We used to use a text representation, but by switching to the binary format, we greatly reduced our build time -- at the expense of indivdiual change tracking (before the changes to each database object were versioned in the source code repository). Recently, we decided to add back (but not use to rebuild) the generation of the text representation. Unfortunately, our first pass requires opt-in on the part of the programmer (one needs to remember to run the old script and annotate the changes on check-in, as well as run the binary update). Its opt-in because unlike before, those scripts aren't used for anything (other than documentation), so failure to update them will not fail the build.
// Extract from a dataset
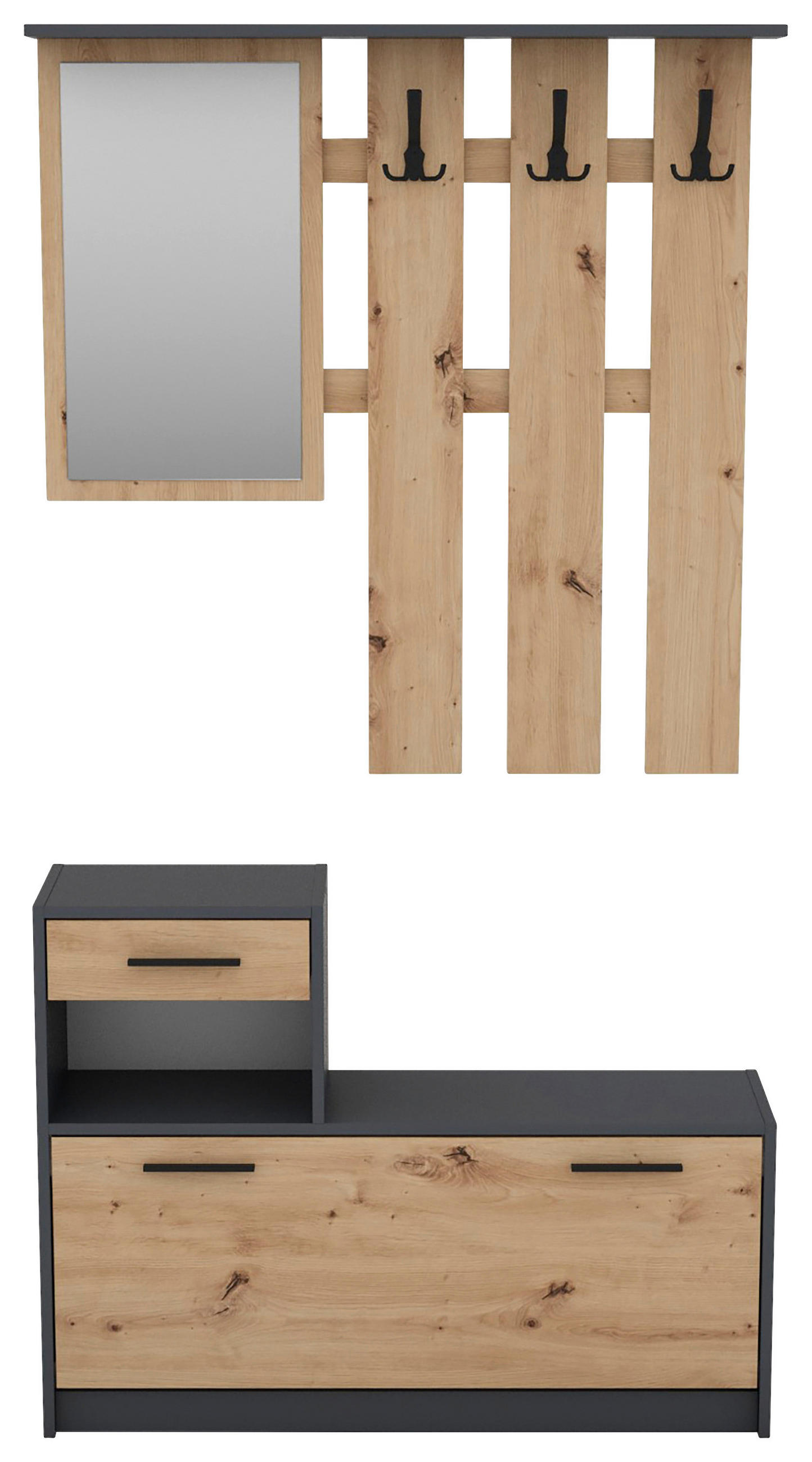 GARDEROBE 2-teilig  in 97/190/25 cm  - Anthrazit/Eiche Artisan, Design, Holzwerkstoff/Kunststoff (97/190/25cm) - Livetastic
I discussed this with the programmer who implemented the solution (his name is Brian), and we debated the merits of the alternatives. My preference is to make the script run as part of the official build (managed by CruiseControl), purely as a housekeeping step. His counter was that having it done by the programmer on check-in allows detailed descriptions of what changed. We haven't -- as of this writing -- changed it yet, however Brian informed me earlier this week that he woke up in a cold sweat the other night thinking that he had in fact forgotten to run this script, and is now working out how to include it in our build. (Thus, I have officially caused someone nightmares by talking about continuous integration!)

Its the right choice. The extra documentation potential is simply far outweighed by the risk of omission. By moving the execution into the build, we get an automated change-log of each database object (each one is stored separately allowing a diff), and the guarantee that it will happen if anyone wants their changes actually submitted into the code base.

Brian's intuition is understandable -- its a bit simpler to implement, and its tempting when one has a high regard for the quality of one's teammates (as we do) to rely on their professionalism, but experience shows that no one is perfect, someone will forget to run the script, and they'll forget when we need it the most: in the heat of a critical fix with time pressure.

The only answer that allows me to sleep at night: use the build process to keep ourselves honest, that's what its there for.